(Stored items from a collection)
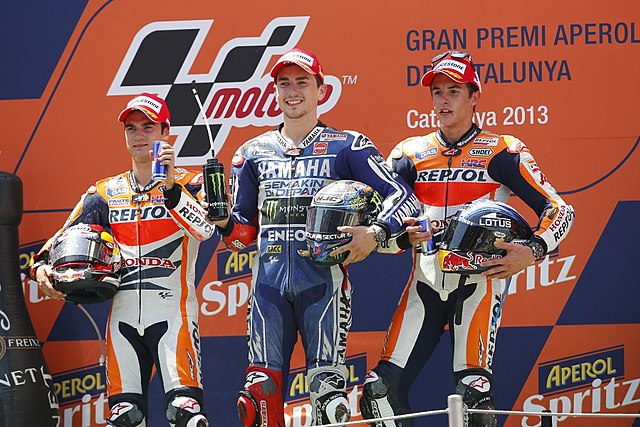 Dani Pedrosa, Jorge Lorenzo and Marc Márquez, celebrating on the podium after finishing in second, first and third in the MotoGP race.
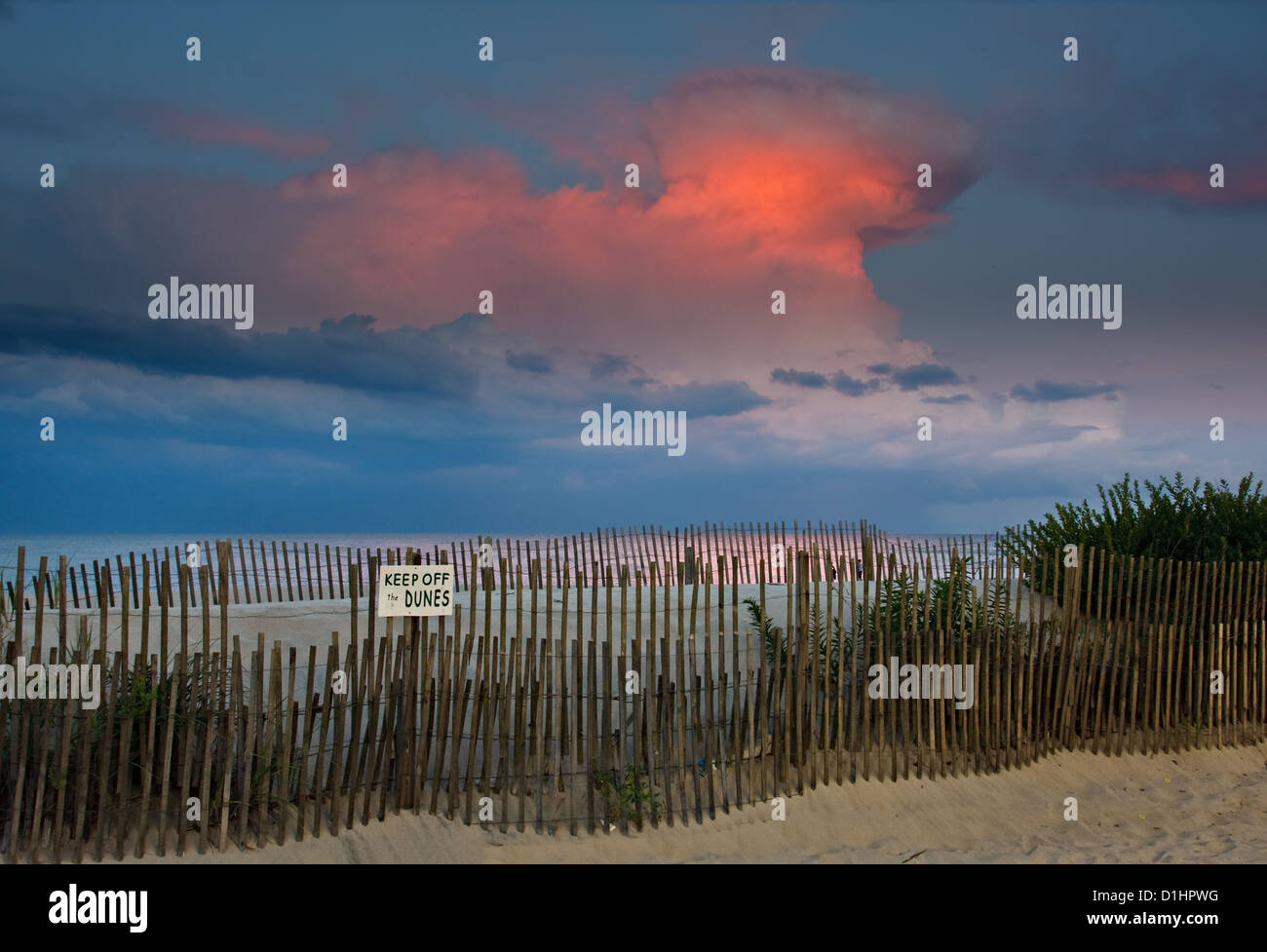 An evening scene at the beach. The last rays of light are dramatically lighting the clouds in the sky of a nearby thunderstorm. Stock Photo
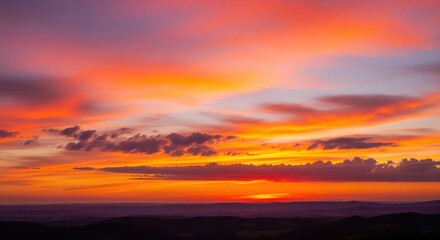 Fiery Sunset Over Distant Hills and Cloudscape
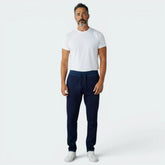 Highlights the tapered leg silhouette and the professional finish of the tonal navy 3-Stripes.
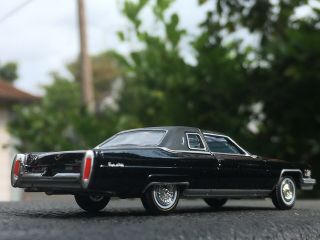 Auto World 1976 Cadillac Coupe Deville 1:64 Diecast Black With Vogue Tires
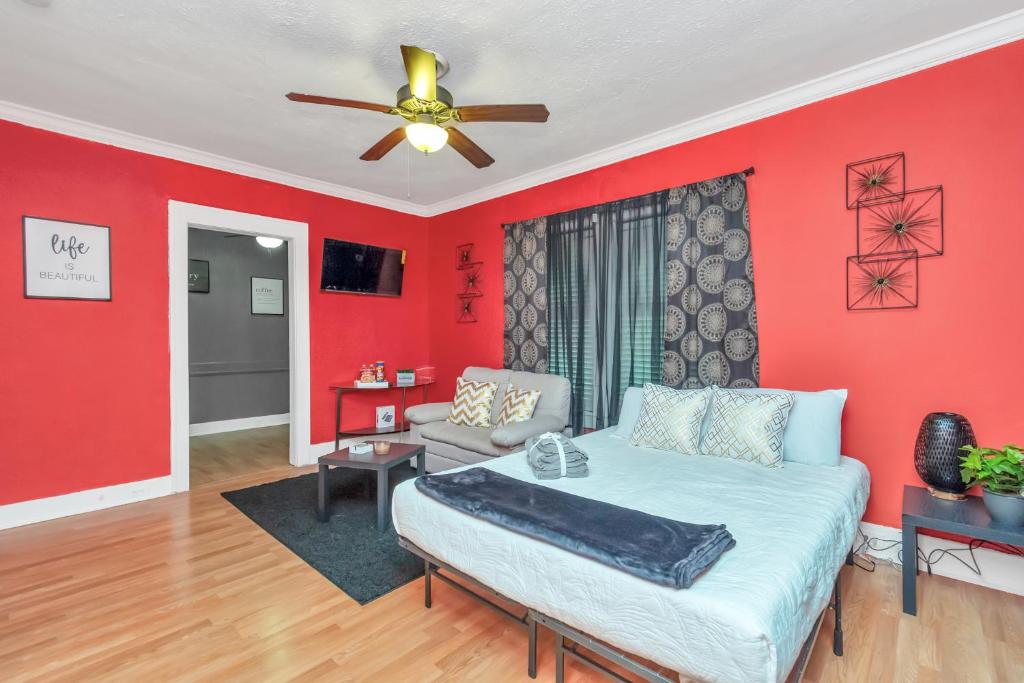 a living room with red walls and a couch at Calm Cozy Oasis in the Heart of Houston by Toyota Center in Houston
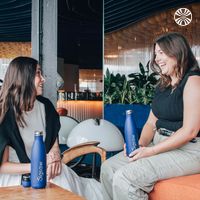 2 white women seated and laughing indoors, each holding a Jigsaw branded bottle.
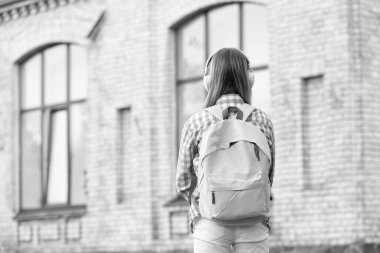 Okul eğitimine dışarıdan bakan genç bir kız. Dışarıda genç bir kızın okul eğitimi var. Sokaktaki genç kız için okul eğitimi. Okul eğitiminin fotoğrafı. Sırt çantalı genç bir kız..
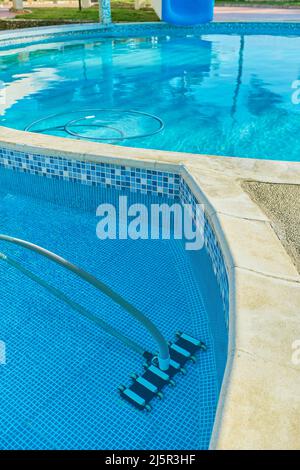 Worker cleaning outdoor pool with underwater vacuum early in the morning. Selective focus Stock Photo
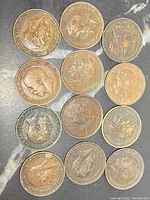 Top side of 12 British farthing coins showing portraits of various British monarchs including Edward VII and George V with worn and aged surfaces.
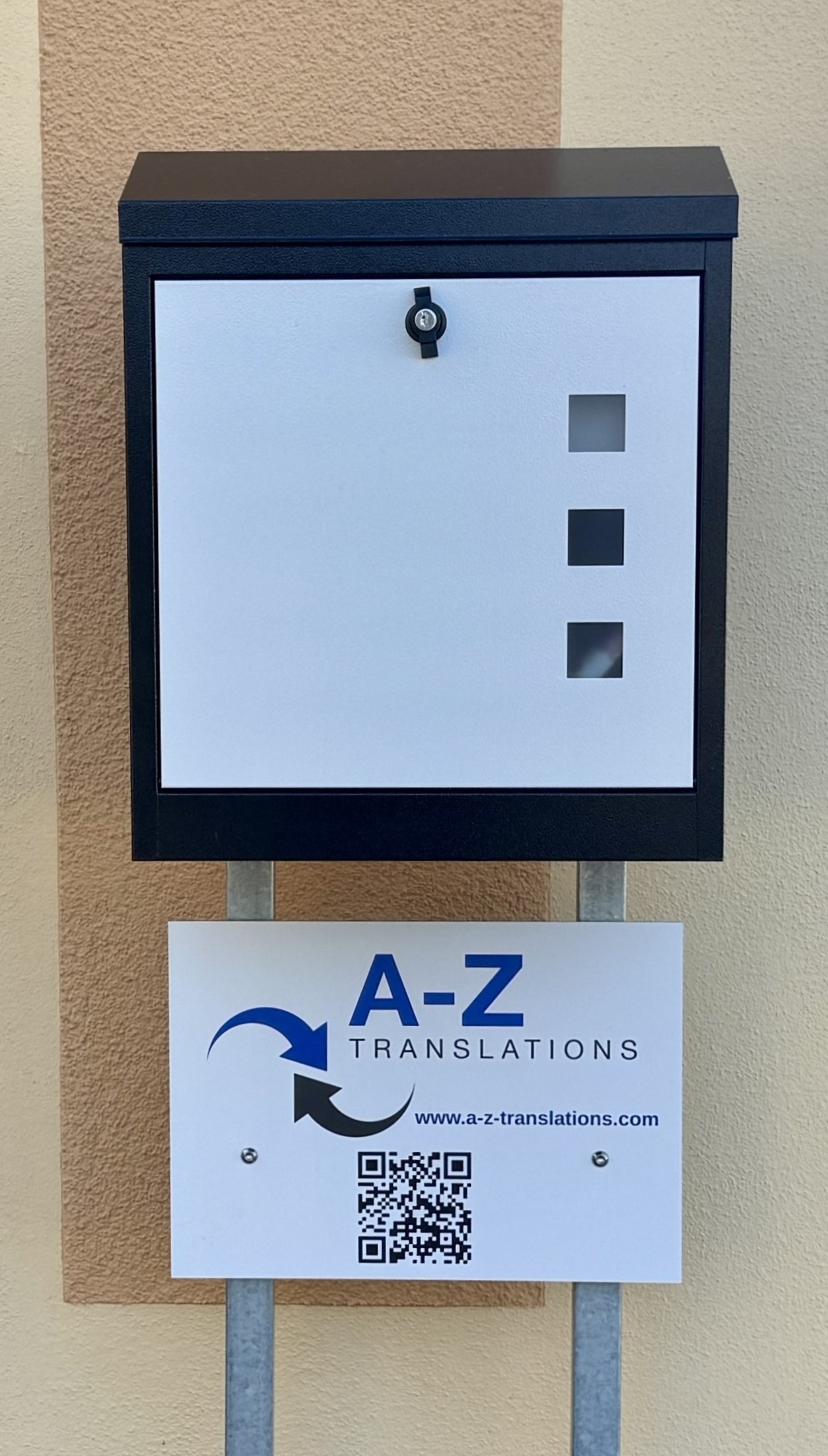 mail box in gray and white with business sign underneath with A-Z Translations logo and QR code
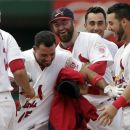 St. Louis Cardinals' Rafael Furcal, center, is congratulated by teammates after his game-wining single in the ninth inning of a baseball game against the Miami Marlins, Sunday, July 8, 2012, in St. Louis. The Cardinals won 5-4. (AP Photo/Tom Gannam)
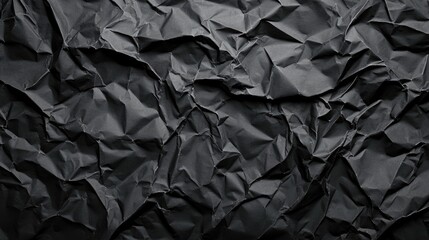 Black crumpled paper texture with copy space.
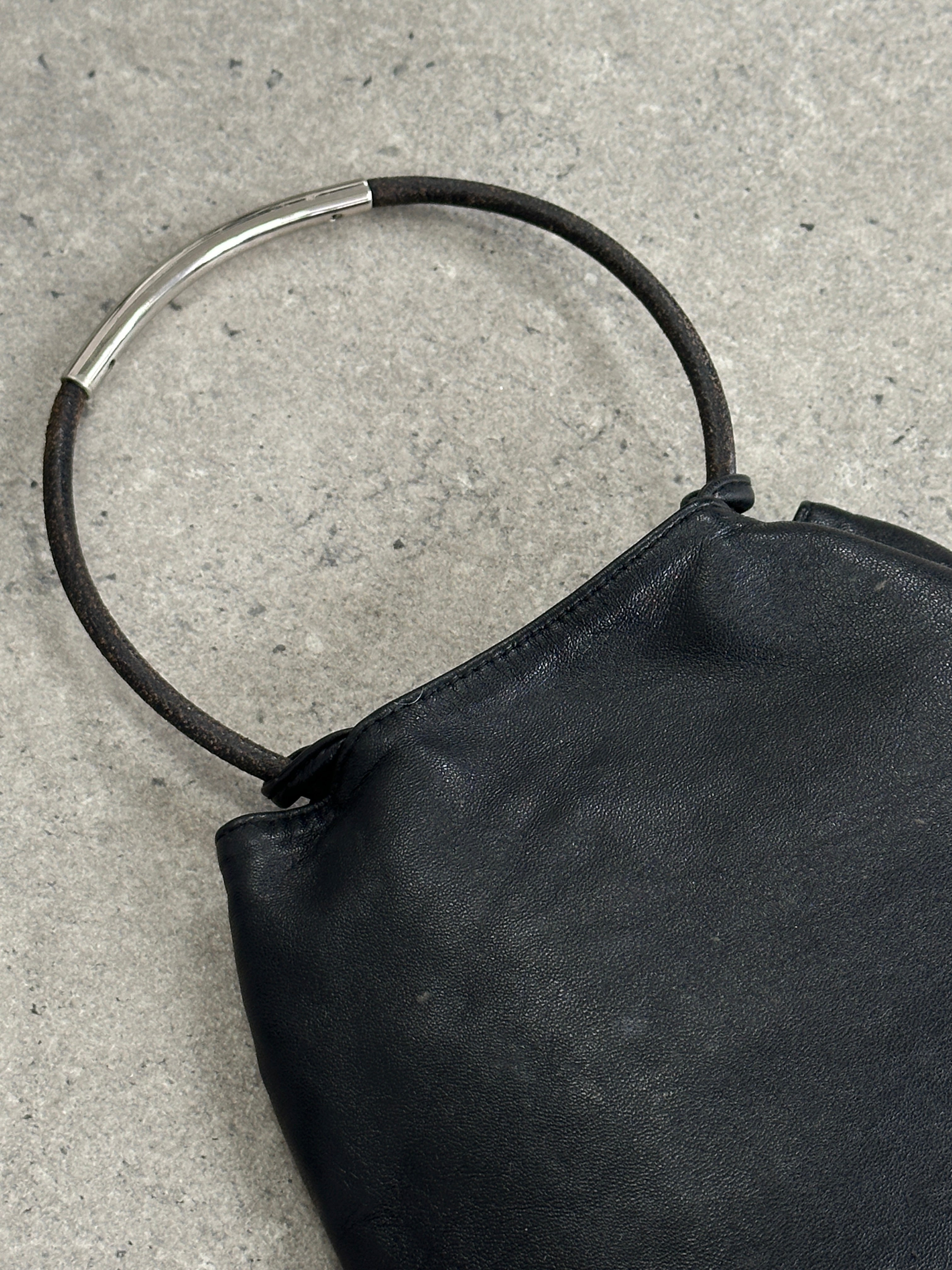 DKNY soft leather clutch bag with sleek design, featuring a smooth leather exterior and compact shape for stylish carrying.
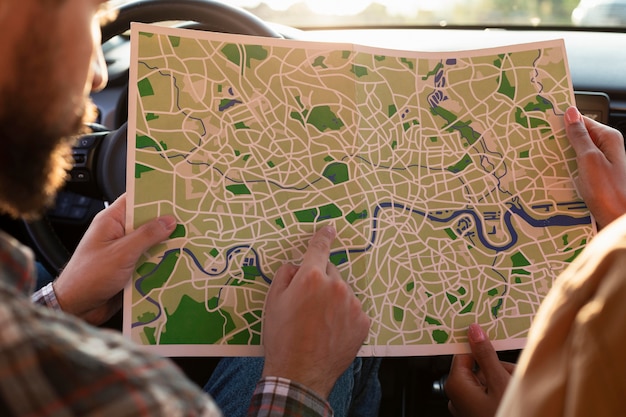 Foto gratuita hombre y mujer comprobando un mapa en el coche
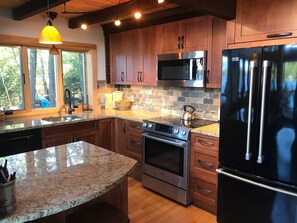 Custom stainless, maple, & granite kitchen- exposed beams- Pine V-groove ceiling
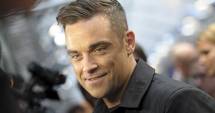 Stire din Monden : Robbie Williams a ajuns în România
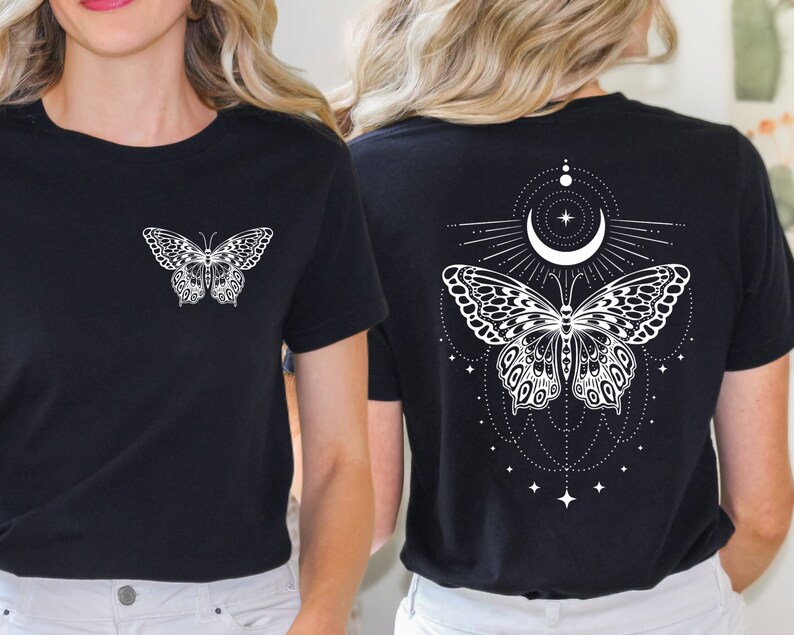 May include: Two black t-shirts featuring a white butterfly design. One shirt has a simple butterfly design on the front, while the other has a more elaborate butterfly design with a crescent moon and stars on the back.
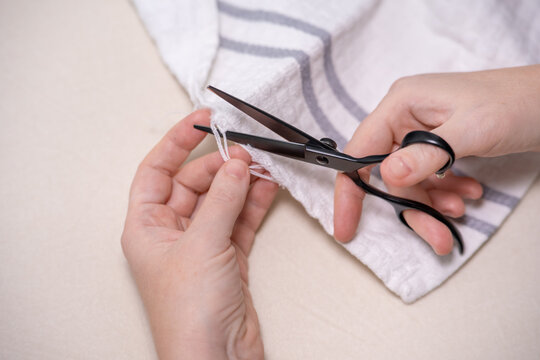 Hands cut a loose thread on a reusable white towel with scissors. DIY home textile repair, everyday household chores, housekeeping lifehacks and zero waste lifestyle.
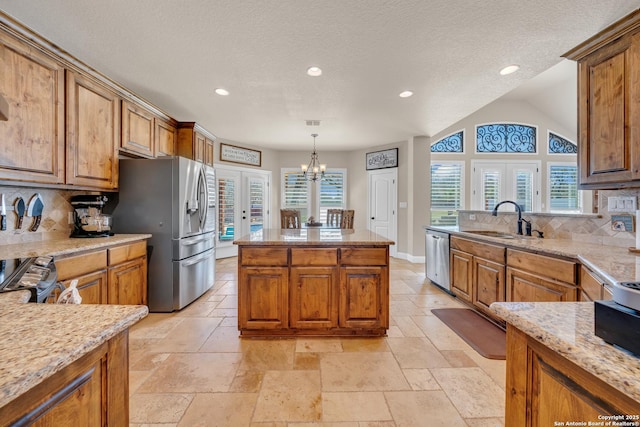 kitchen featuring stone tile floors, brown cabinets, a sink, and french doors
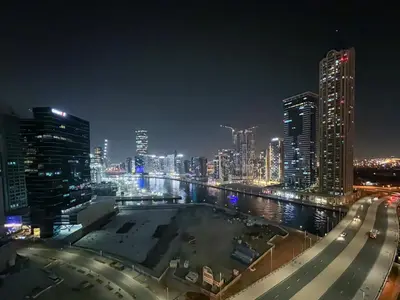 a city skyline at night with a river and buildings at KeyRock Living - 20th Floor Comfort at Zada in Dubai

**WHAT YOU WILL DO**
Would you copy out, exactly and with no pictures, only the lines above from the one that contains "mail box in" through the one that contains "DKNY soft leather"?

**RESPONSE TO THE TASK**
 mail box in gray and white with business sign underneath with A-Z Translations logo and QR code
 St. Louis Cardinals' Rafael Furcal, center, is congratulated by teammates after his game-wining single in the ninth inning of a baseball game against the Miami Marlins, Sunday, July 8, 2012, in St. Louis. The Cardinals won 5-4. (AP Photo/Tom Gannam)
 Black crumpled paper texture with copy space.
 DKNY soft leather clutch bag with sleek design, featuring a smooth leather exterior and compact shape for stylish carrying.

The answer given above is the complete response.